There have been quite a few of those over the years, most notably Robert Graves Goodbye to All That, T.E.Lawrence Seven Pillars of Wisdom, Vera Brittain Testament of Youth, and more recently Harry Patch The Last Fighting Tommy. With the demise of the last of those veterans we’re also seeing an increasing number of second and third hand accounts – sometimes fictionalised – taken from the journals, diaries, and remembered stories of soldiers who served their countries between 1914 – 1918.
One of the best and most recent of these is Dale Le Vack’s Not Quite the Gentleman – A Fisherman’s War, which is as much a novel as it is a biography and a superb piece of military history. It is a cross fertilisation of genres that works beautifully.
Dale Le Vack is a journalist who has spent more than forty years in the newspaper and broadcasting industries and is currently writing business journalism for The Stratford-upon-Avon Herald. Not surprisingly, his journalistic experience shows in the splendid writing, writing that makes this book, which stars his grandfather Frank Clarke, an absolute joy to read:
“Come on Clarkey get ruddy moving,” he hears himself say. He clicks his rifle to safety and leaps out of the ditch, running four paces and timing his straddle perfectly over the farm gate. He pitches his rifle over a split second before leaping and lands cleanly. Instantly he picks himself up, gathers his rifle and starts bounding towards a gap in the hedge in the next field.
‘Just under 100 yards out he thinks he sees movement in the gap, side steps to the left, and feels the vibration of a series of bullets whishing past his shoulder. He collapses in a heap onto the ground and lies in a crumpled position quite still with his head pointing towards the hedge and his hand on his Lee Enfield. Four spiked helmets appear speculatively above the ground as the German soldiers scrutinise the spot where he has fallen. He can hear them talking. His gamble might pay off – they are inexperienced soldiers exposing themselves in such a reckless manner.
‘Now is the real test of years of marksmanship at the butts. Now he’ll know the true value of the trophies won in the regimental tournaments at Aldershot. Now he’ll find out if he really is the brilliant sniper they say he is. He springs to the firing position and brings the barrel of the rifle onto the targets – it is very close range at 90 yards but he has to be quick and he has to be cool. In the smallest of firing arcs he manages to get off four rounds in just a few seconds. One by one the Germans drop back off their feet…’

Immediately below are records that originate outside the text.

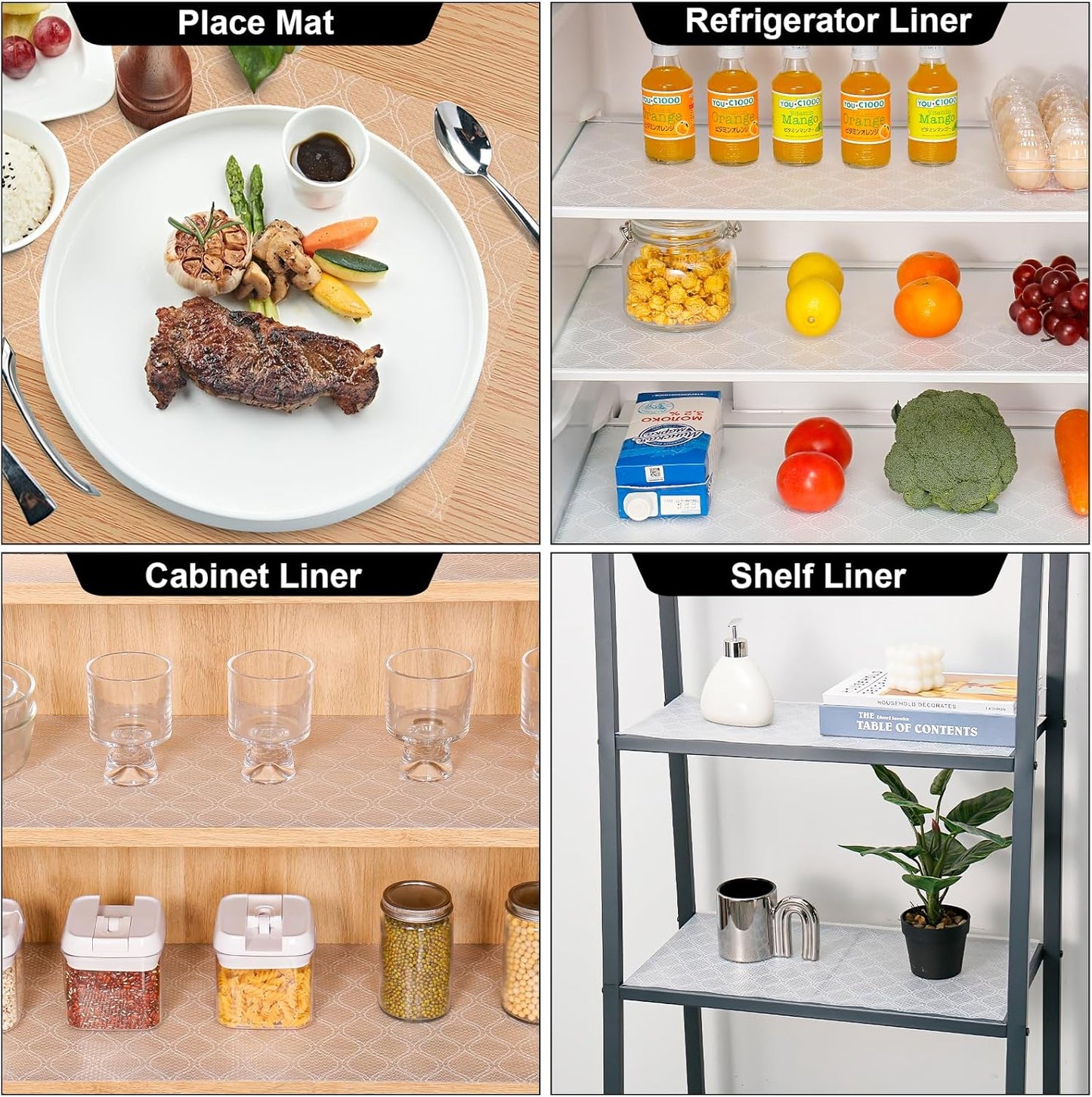 Cooyes Shelf Liner for Kitchen Cabinets Waterproof Kitchen Cupboard Liner Plastic Drawer Mats EVA Material Non Adhesive Fridge Mats for Shelves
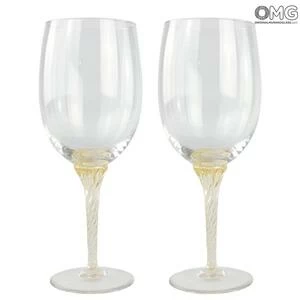 4161 ORIGINALMURANOGLASS Pinot Noir - набор из 2 бокалов из хрустального стекла с золотом - муранское стекло OMG 6 см
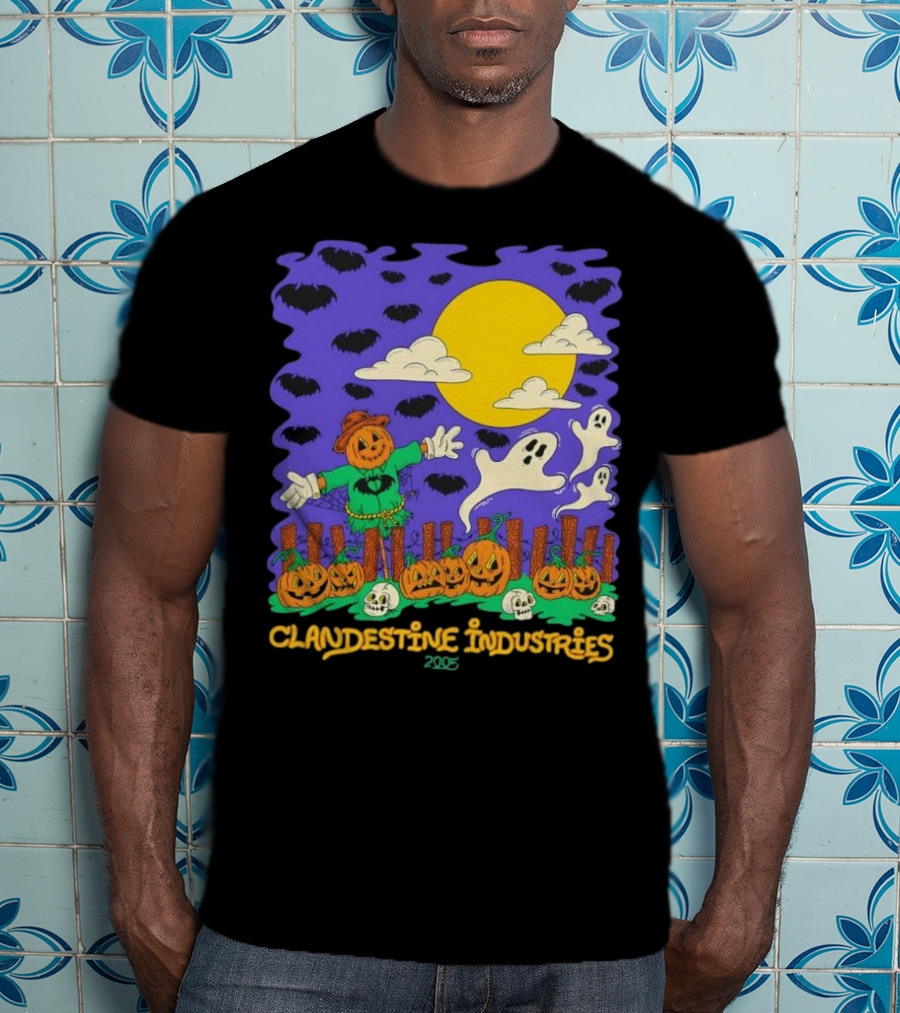 Clandestine Industries 2005 Halloween Scarecrow Ghosts Pumpkins Bats T-Shirt
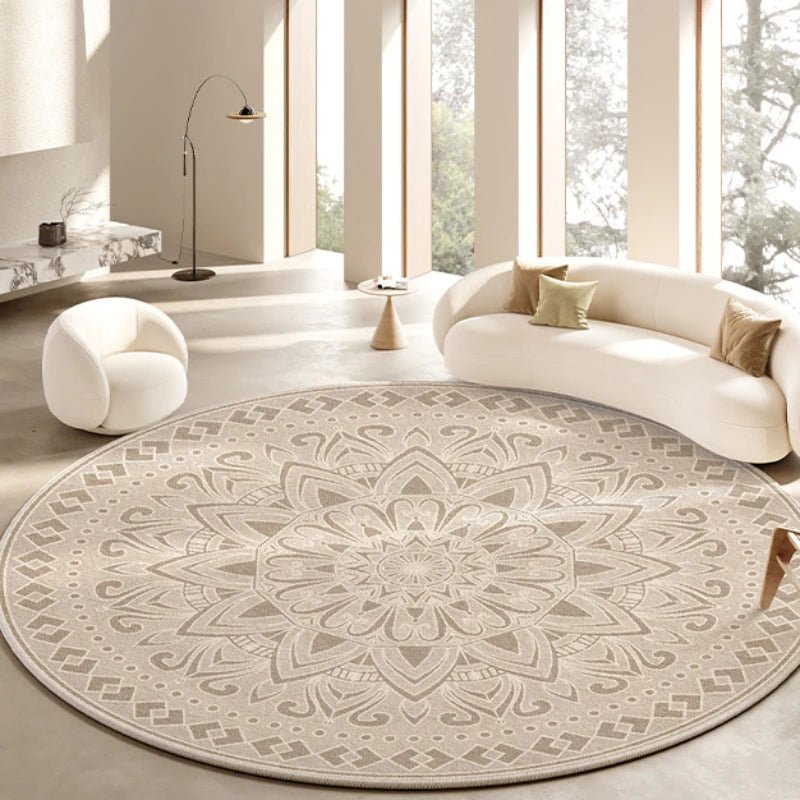 Floral Classical Cloakroom Rug - Round Shape & 100% Polyester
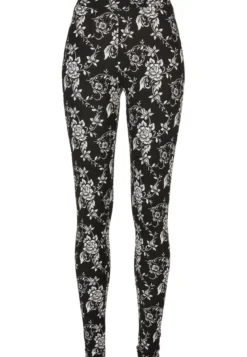 Urban Classics Ladies Soft AOP - Leggings, black rose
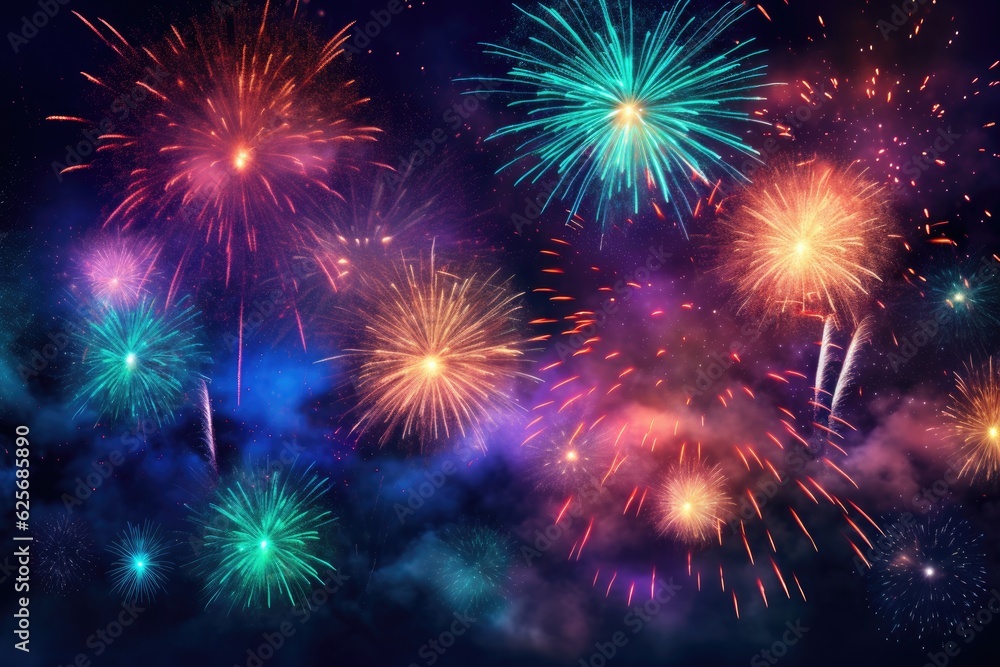 Fototapeta premium Colorful fireworks. Festival celebration explosion. Abstract firecrackers in the night sky.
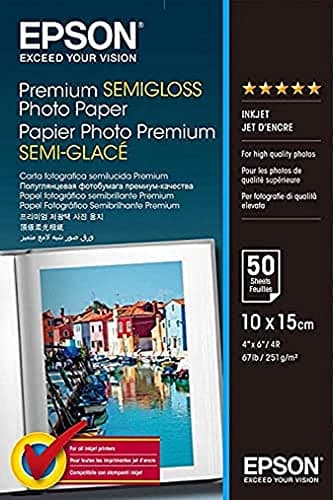 Image of Epson Premium Semigloss Photo Paper - Semi-gloss photo paper - 100 x 150 mm - 251 g/m2 - 50 Sheets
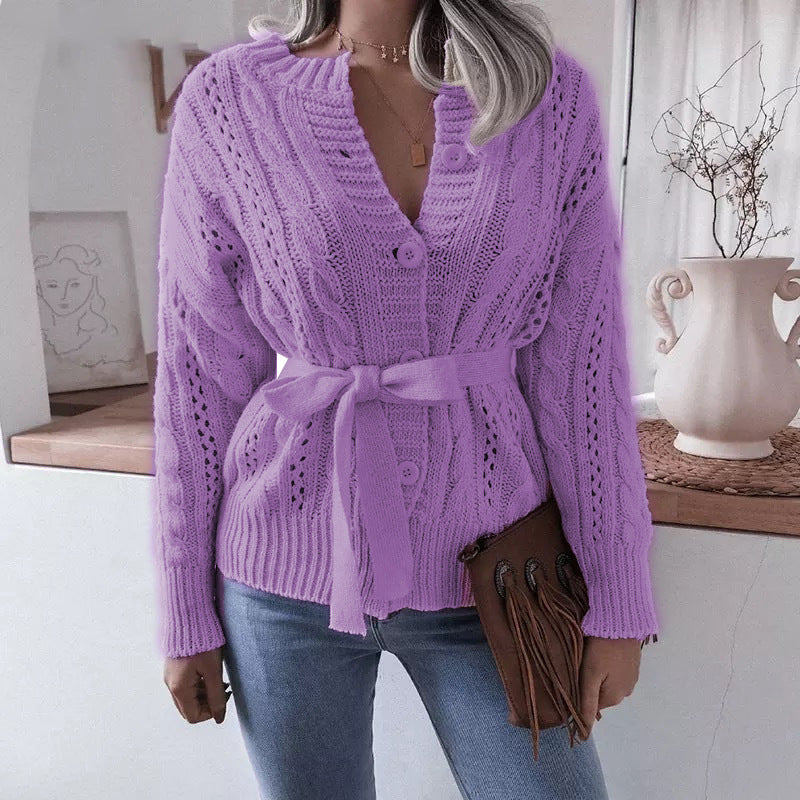 Women's knit jacket with belt and Amarae texture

Those three paragraphs show just how confident Dale Le Vack is with his subject matter, and how, no doubt deliberately, he uses, in these passages, a style of writing that echoes the work of the very best adventure novelists writing in the first two decades of the 20th century, most notably ‘Sapper’ (Herman Cyril McNeice, MC), John Buchan, Edgar Wallace, and the brilliant, but doomed, Erskin Childers, and, in places, Hemingway, whose novel, A Farewell To Arms, set many a bench mark for later writers, not least Charles Whiting, who knew Hemingway but never liked him.
And if we can use the late Charles Whiting (who also wrote as Leo Kessler) as a prime example of a wartime adventure novelist at his best, writing splendid yarns that place fictitious characters into real conflicts (invariably World War II), where the brotherhood of fighting soldiers helps spin a moral tale, then Dale Le Vack has, to a large extent – and with the help of his spirited grandfather – achieved a tale that Charles – who was a distinguished military historian and ex-soldier – would have been proud to have written.
What Dale also does in Not Quite The Gentleman is use the experiences of his grandfather, and his encounters, not least as a POW and an escapee, to give the reader a wider perspective of the conflict – another Whiting trick – including an encounter with Nurse Edith Cavell (and some minor royalty), who ran an escape route for Allied soldiers, a brave action she paid for with her life.
And, like Hemingway’s A Farewell to Arms, there is a love affair:
‘ “No don’t say anything,” she whispered, her large blue eyes revealing a sense of excitement and anticipation.
“Just come to me now. We have waited too long for this moment. You don’t have to say a word.”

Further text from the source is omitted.